Now, back to the Occupy movement.  That 1% of the population controls the majority of the wealth has overwhelming implications.  First, I think about how if that is true, why do we have the poverty we have.  The next thing that comes to mind is since access and influence over the media would certainly have to resources, how is that 1% influencing what I see and hear about the Occupy movement?  Finally, I have to question my role in this inequity.  If I profess to believe in the teachings of Jesus Christ, what is my responsibility in addressing, reversing and resisting this inequity?  It is easy to say, “Hey, I’m definitely not part of the 1%,” but I’ve been blessed to have a good job and a comfortable life.  Is there more I can be doing to help others, and how do I do get started?    
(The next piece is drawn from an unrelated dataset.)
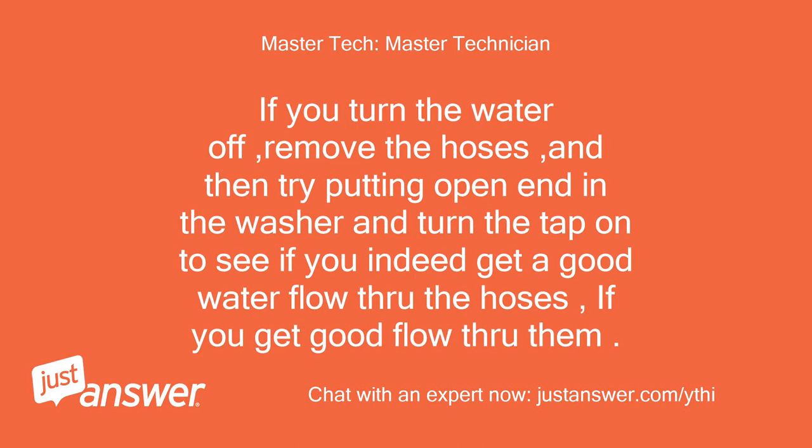If you turn the water off, remove the hoses, and then try putting the open end in the washer and turn the tap on to see if you indeed get a good water flow through the hoses. If you get good flow through them, proceed to the next step.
Add to that Pope John Paul II spoke to this inequity long before the Occupy Wall Street movement.  was Well-known for his criticisms of Marxism, John Paul II did not mince words about  capitalism in his 1987 encyclical Sollicitudo Rei Socialis 37, noting the , all-consuming desire for profit and the thirst for power at any price with the intention of imposing one's will upon others, which are opposed to the will of God and the good of neighbor.”  There you have it, plain as day, where the then Pope equated rampant capitalism as being against the will of God.  

Therefore, I think the Occupy movement has its work cut out for it.  I think the inequality in the distribution of resources is not just an American problem, it is a world problem and as the rich get richer, the entire world moves closer to a showdown over wealth, resources and responsibility.  What responsibility (if any) does the 1% owe to the 99% consuming the goods and services that ultimately contribute to their majority share of the world’s resources?  
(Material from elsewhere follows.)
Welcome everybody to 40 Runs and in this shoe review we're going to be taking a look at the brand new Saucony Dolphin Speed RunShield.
Oh yeah, back to the 60’s.  Earlier I said protest movements tend to expand rather than contract.  It is interesting that the uprisings in Tunisia, Egypt, Yemen, Libya and now Syria are referred to as “Arab Spring.”  Many let this term roll off their lips without knowing what the term means.  It is actually a play on the phrase “Prague Spring,” which refers to the 1968 events in Czechoslovakia when Alexander Dubcek, a reformer, attempted to implement democratization.  Russia crushed the movement with a Warsaw Pact invasion.  Of course, no one talks about this when discussing Arab Spring, but a massive brutal crackdown is still a possibility in Syria.  In Egypt, when the Tahrir Square euphoria subsides, what happens when the results of the changes so far fail to satisfy the core complaints of the protesters (lack of jobs, horrible economy, and wealth in the hands of a few (hmm…sound familiar?)) that brought down the government?  

Phil, I hope this answers your question.  I am sorry to have rambled on so much.  In addition, thanks for helping me write my blog for today.